**DATA PROVIDED**
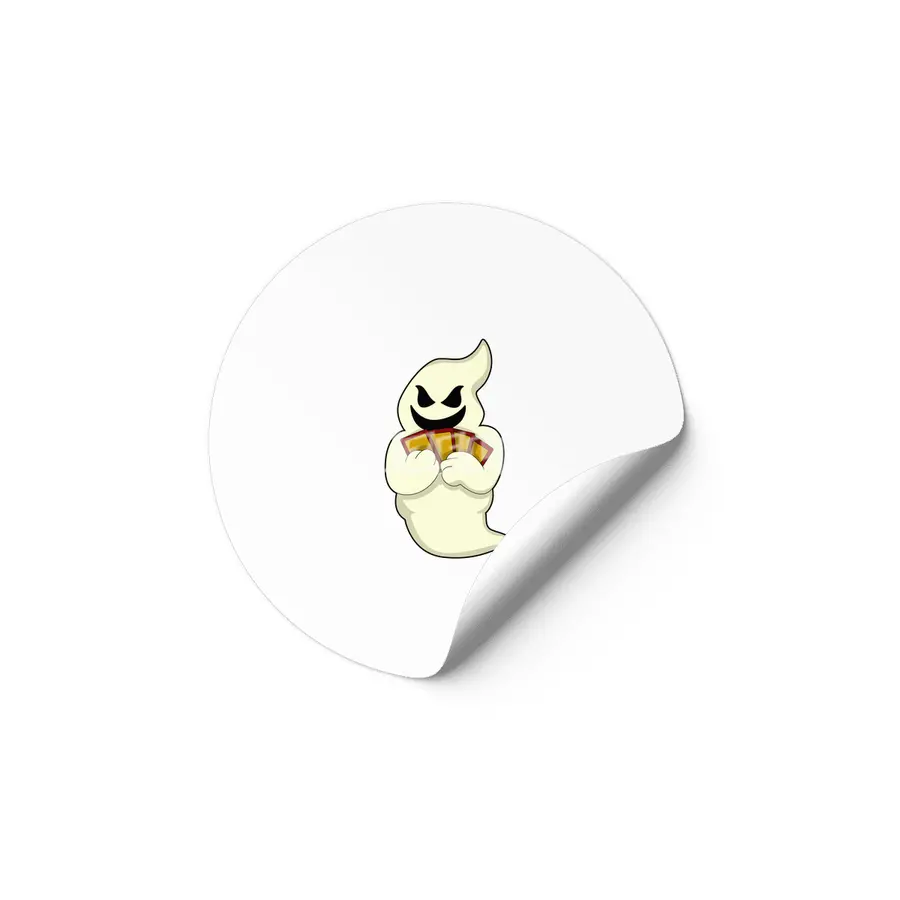 Ghost at Poker with Poker cards Etiket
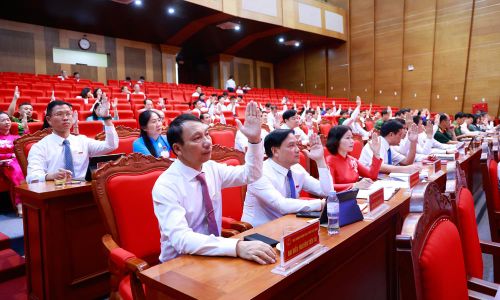 Đại biểu HĐND tỉnh biểu quyết thông qua nghị quyết.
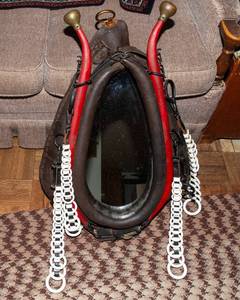 Vintage Leather Horse Collar with Mirror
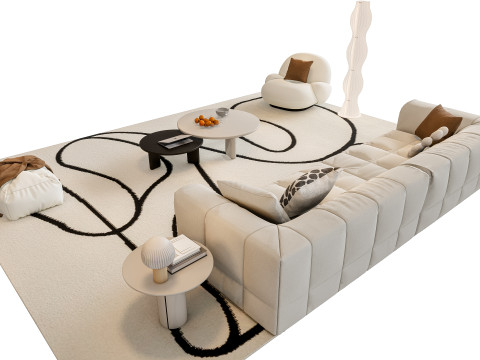 Sofa Coffee table sofa combination 01 3D Model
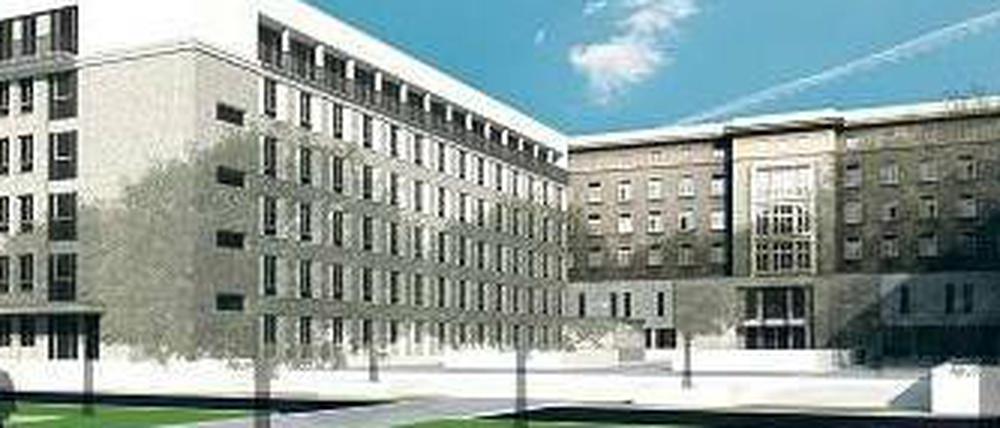 Der Klinik-Neubau (links) wird an die Bestandsgebäude angeschlossen. Eine Kinderklinik und eine Komfortklinik für Privatpatienten sollen einziehen. S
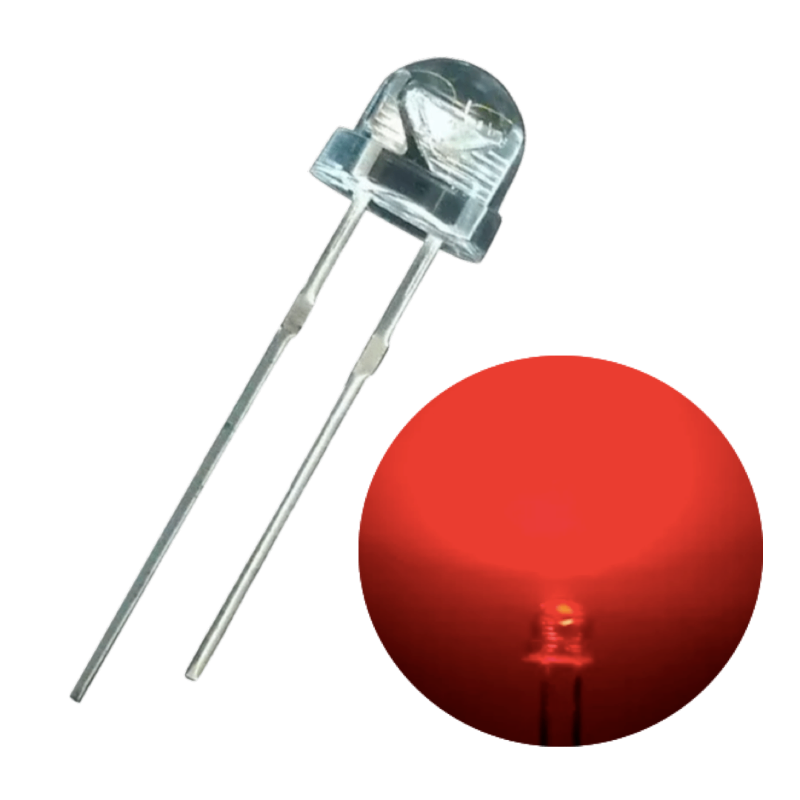 Led 5mm Straw Hat Rojo 620nm Everlight Led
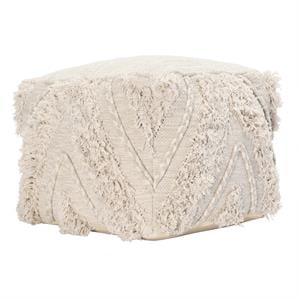 allora fabric pouf ottoman with woven design and fringe details in cream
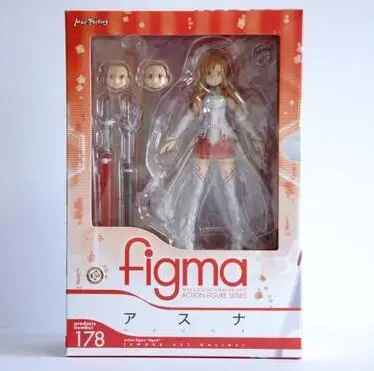 Figma Аниме Sword Art Online 15 см Ausna kirigaya kazuto штучная фигурка игрушки - Цвет: 178 with box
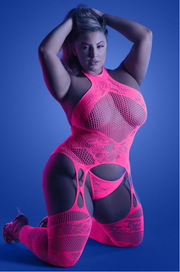DOONA DI CAPRI Intimates 1X/2X / Neon Pink Plus size Glow High Neck Halter Body stocking & G-string Set-Neon Pink
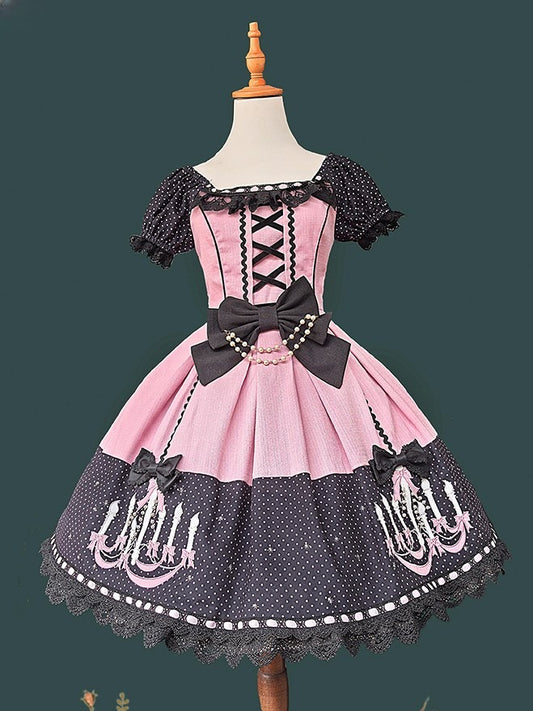 Dot Chandelier Pink Polka with Lolita Dress Print Black and Trim Lace Sweet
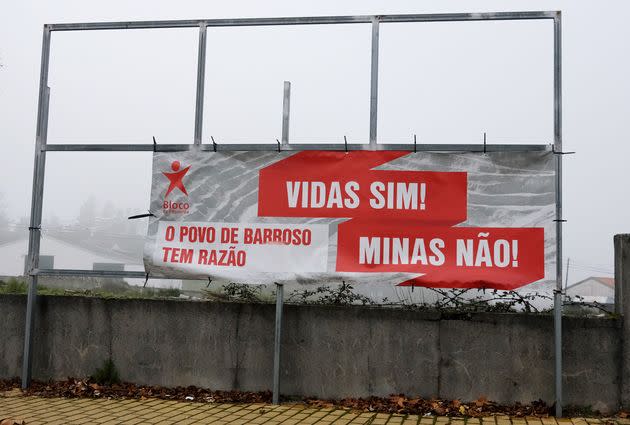 A protest sign opposing the lithium mine in Boticas, Portugal, reads 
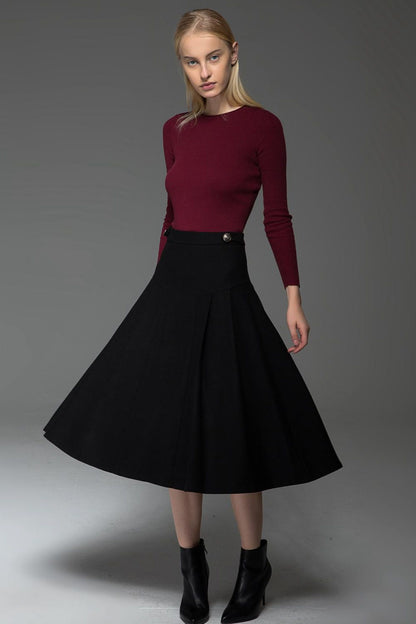 Classic black winter midi wool skirt C771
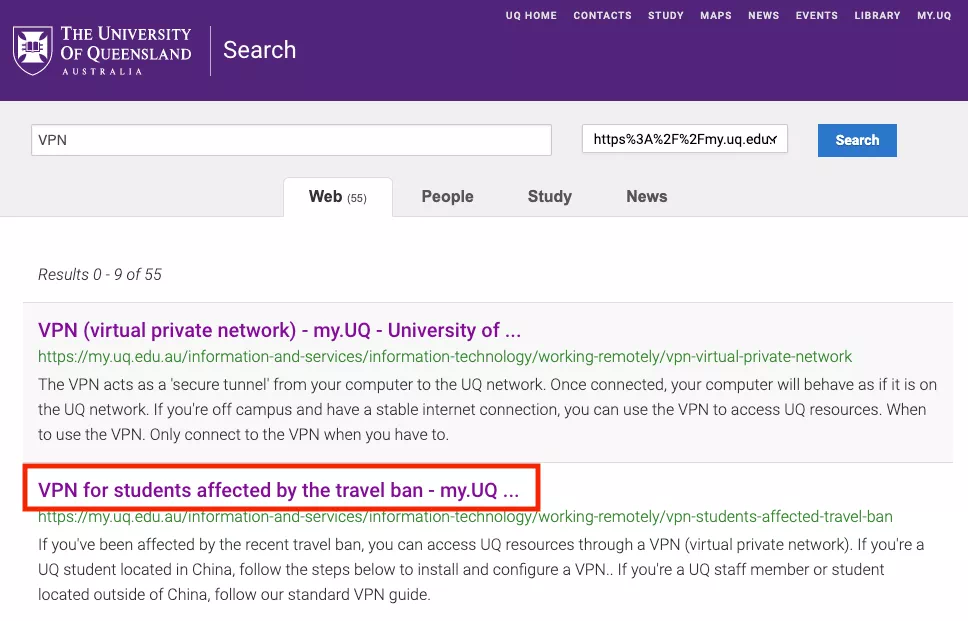 VPN for students affected by the travel ban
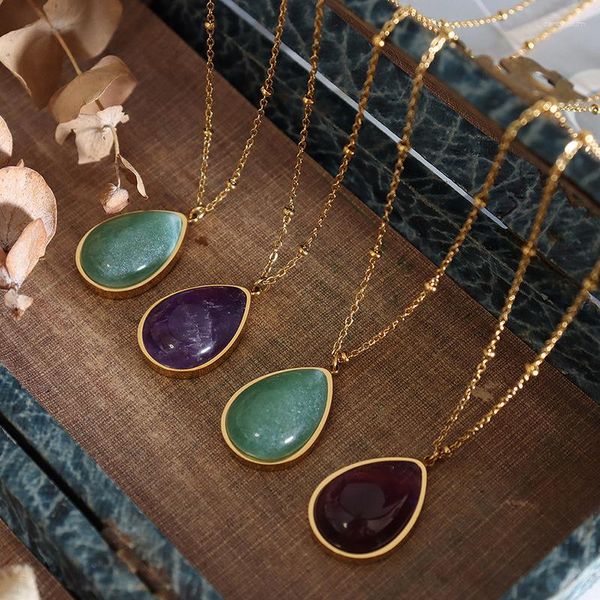 Collares colgantes Acero inoxidable Colgantes de piedra natural Mujer Día de San Valentín 2023 Joyería Joyería al por mayor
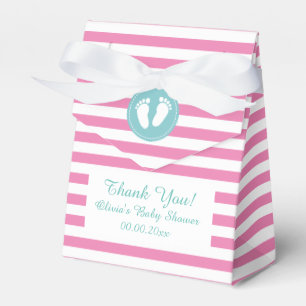 Ballotins Bandes blanches et roses boîte de baby shower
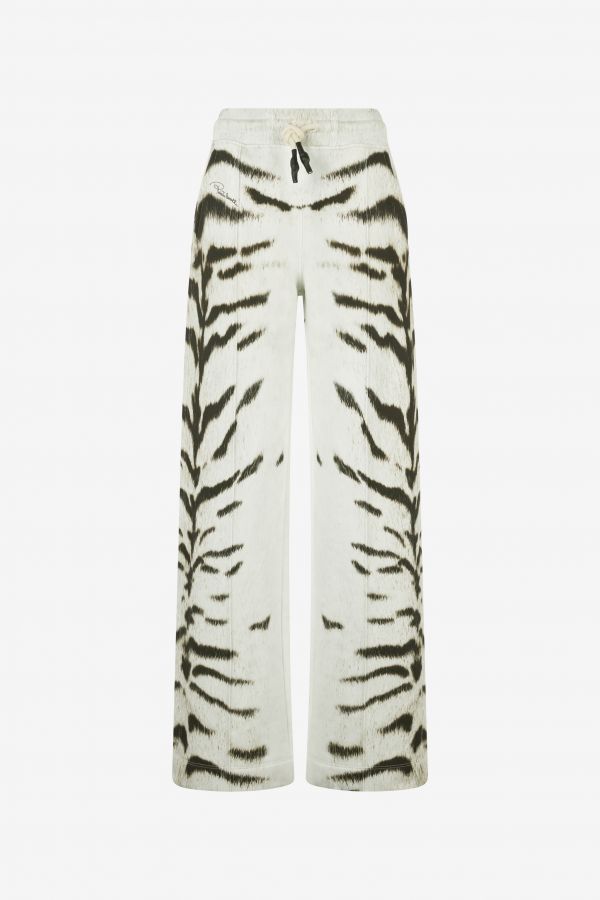  Roberto Cavalli Woman Sports Pants With White Tigresse Ogat X Roberto Cavalli Print - Female  Black/white S 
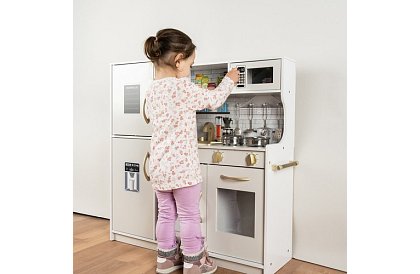 Drewniana kuchnia dziecięca XL z akcesoriami – biała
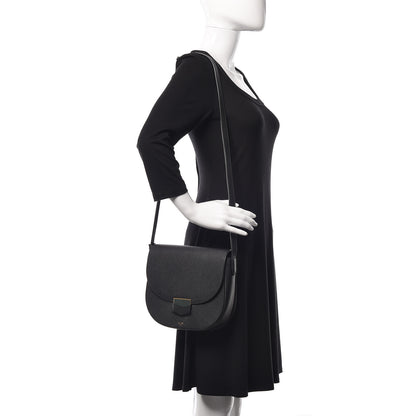 Celine Grained Calfskin Compact Trotteur Black 2 of 9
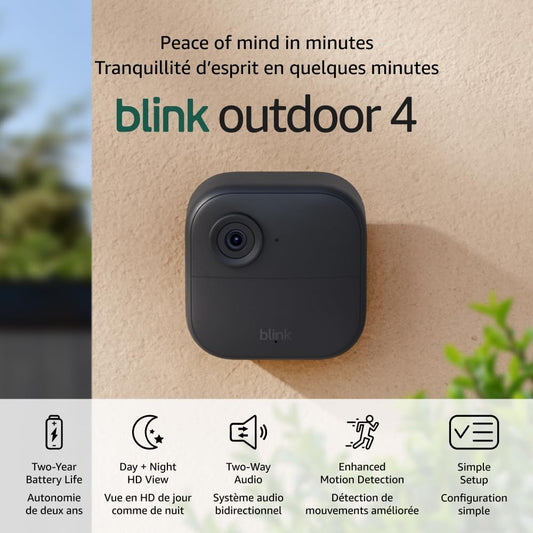 Blink Outdoor 4 (newest model) – Wireless smart security camera, two-year battery life, 1080p HD day and infrared night live view, two-way talk. Sync Module Core included – 3 camera system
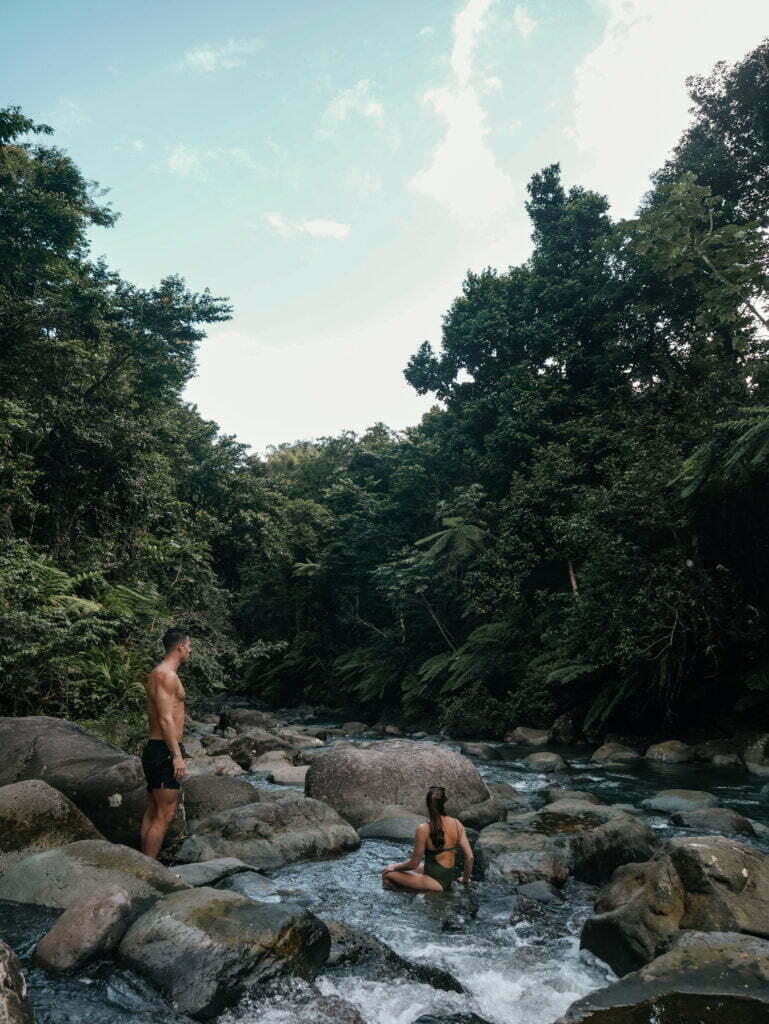 Lindsay and Derek in Rio Mameyes after a stroll down the Angelito Trail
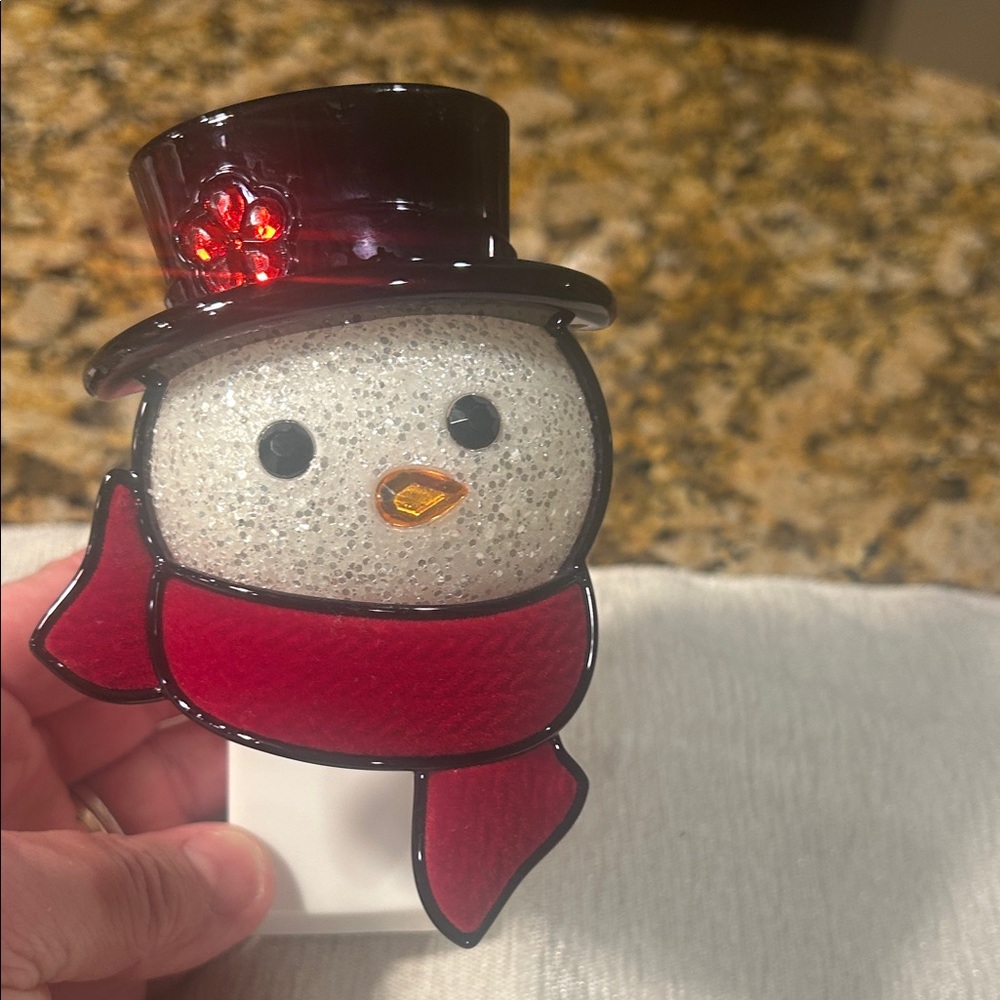 Bath & Body Works Snowman Night Light with Red and Black Accents Wallflower Plug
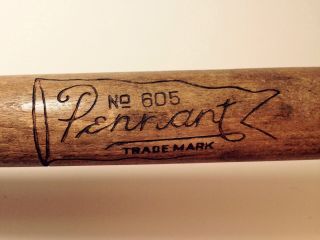 1910 Era Pennant No.  605 Wood Antique Playground Skinny Baseball Bat 30.  5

**REQUIRED ACTION**
Write out only the lines from the one that contains "Celine Grained Calfskin" through the last line of the records above, both included, word for word and without the pictures.

**TASK OUTPUT**
 Celine Grained Calfskin Compact Trotteur Black 2 of 9
 Blink Outdoor 4 (newest model) – Wireless smart security camera, two-year battery life, 1080p HD day and infrared night live view, two-way talk. Sync Module Core included – 3 camera system
 Lindsay and Derek in Rio Mameyes after a stroll down the Angelito Trail
 Bath & Body Works Snowman Night Light with Red and Black Accents Wallflower Plug
 1910 Era Pennant No.  605 Wood Antique Playground Skinny Baseball Bat 30.  5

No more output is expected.